Тринитарное измерение космоса
На иконе Андрея Рублева сотворенный мир восьмиугольной формы вовлечен в божественную жизнь. И для И. Киреевского структура мира, чтобы стать духовной, должна соучаствовать в тайне «единосущия», входящего в тринитарный догмат[284].
Ту же самую мысль, только в более развернутой форме, мы встречаем у JI. Карсавина[285], но вновь заслуга Флоренского в том, что именно он сознательно ввел в космологические рассуждения принцип homoousia, аналогичный принципу христологического догмата. Для него невозможно понять истинный смысл природы, не принимая принципа единосущия, и только в этом случае возможен правильный подход к научным исследованиям. И действительно, наука и метафизика с самого начала стремятся рассматривать мир как единство, раскрывая онтологические связи, преодолевающие их пространственные и временные разделения. Системы Платона, Аристотеля, Плотина, великих схоластов, Фихте, Шеллинга и Гегеля суть системы поиска глубинного единства космоса. Единство твари — не единство хаотических элементов, но органическое единство структуры — есть необходимая предварительная предпосылка для построения науки[286].
Но без понятия о единосущии, на котором зиждется тринитарное богословие, невозможно постичь органическую структуру вселенной. Ибо вещи, отделенные от своего высшего источника в Троичном Боге, могут быть «подобными» друг другу, «неподобными» или «сходными»; но никогда не станут они «тождественными» в составе космоса, никогда не станут едино–истинно–прекрасными[287]. Итак, отвержение Св. Троицы означает отказ от органического единства космоса; ведь если вселенная не соучаствует в божественной жизни, она навсегда останется лишь хаотическим скоплением составляющих ее элементов.
Гносеологическая Троица
Флоренский считает, что в основе гносеологии лежит христианская тайна. Вкратце его мысль можно выразить так: как и Вл. Соловьев[288], он утверждает, что у нас есть три способа приблизиться к истине: через эмпирическое познание, через метафизическое познание и через мистическое познание. Какова же ценность каждого из этих видов познания? Эмпиризм считает истинным то, что мы наблюдаем вне нас, то есть объекты; метафизики признают истинным результатом своей умственной деятельности идеи, то есть они признают истиной деятельность субъекта; нехристианская мистика стремится преодолеть пропасть, разделяющую субъект и объект, чтобы достичь цельного познания.

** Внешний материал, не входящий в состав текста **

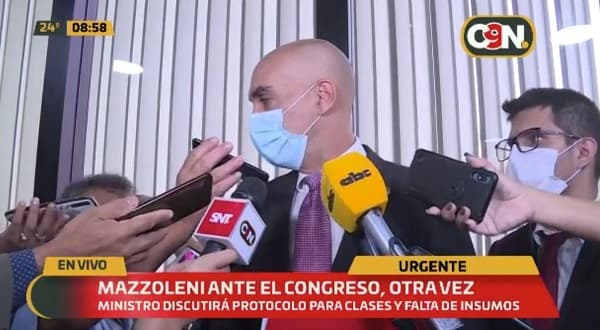 Mazzoleni reitera que vacunas llegarán en esta segunda quincena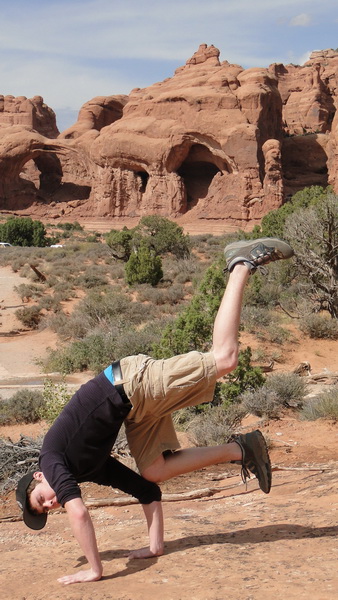 DSC74 arches.JPG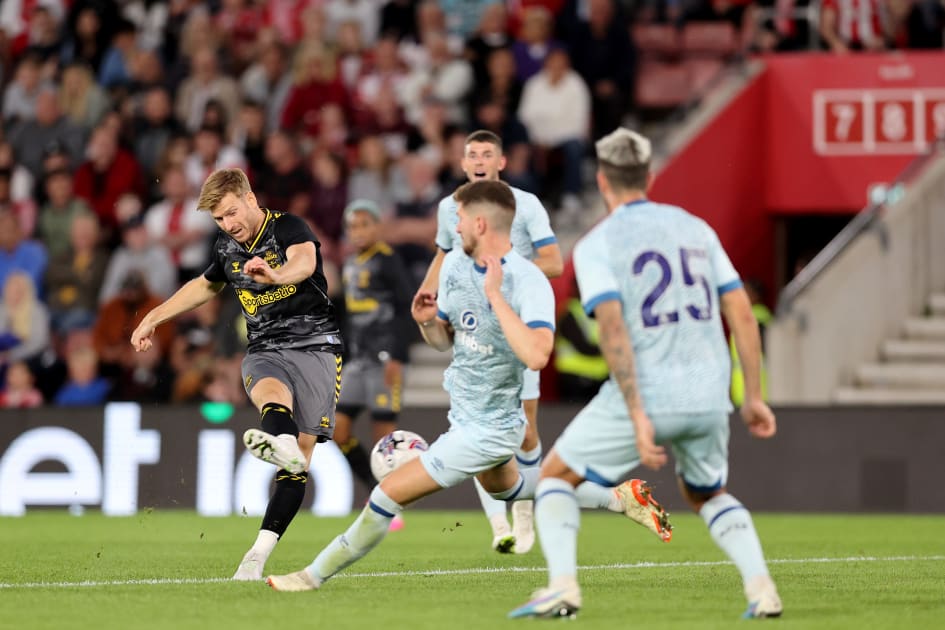 Southampton manager Russell Martin on the touchline during the pre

И тогда то, что человек видит как вне, так и внутри него, соединяется в одну бесконечную реальность, реальность, в которой уже нет разделения между субъектом и объектом.
Усилие это похвально, но оно приводит к катастрофическому результату, который влечет за собой разрушение индивидуальности, и личность погружается в безличностную нирвану. И потому следует искать другой принцип единства, не разрушающий того, что он соединяет. Итак, любовь — единственная реальность, которая соединяет то, что разделено, сохраняя при этом соединяемое в его собственном бытии.

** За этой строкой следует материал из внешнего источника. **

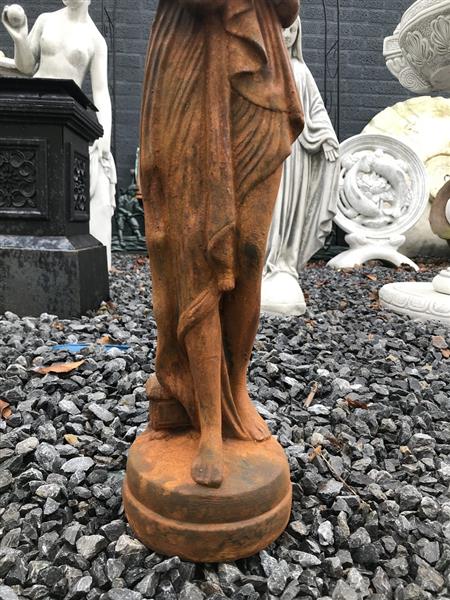 Grote foto prachtig vol oxide rust stenen beeld van een erotisch geklede staande dame super mooi voor in de tu tuin en terras tuindecoratie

Следовательно, любовь преодолевает пропасть между познающим субъектом и познаваемым объектом; это необходимо, ибо познание должно быть цельным. Ведь для того, чтобы достичь абсолютной истины, — а именно к такой истине мы стремимся, — мы должны подняться до познания, которым Бог обладает о Себе Самом. Он троичен: Отец познается в Сыне, Сын — в Отце, а их вечная любовь ипостазирована и персонализирована в Св. Духе[289]. Лев Карсавин сформулировал то же самое в следующем афоризме: «Истина есть Пресвятая Троица, и Пресвятая Троица есть Истина»[290].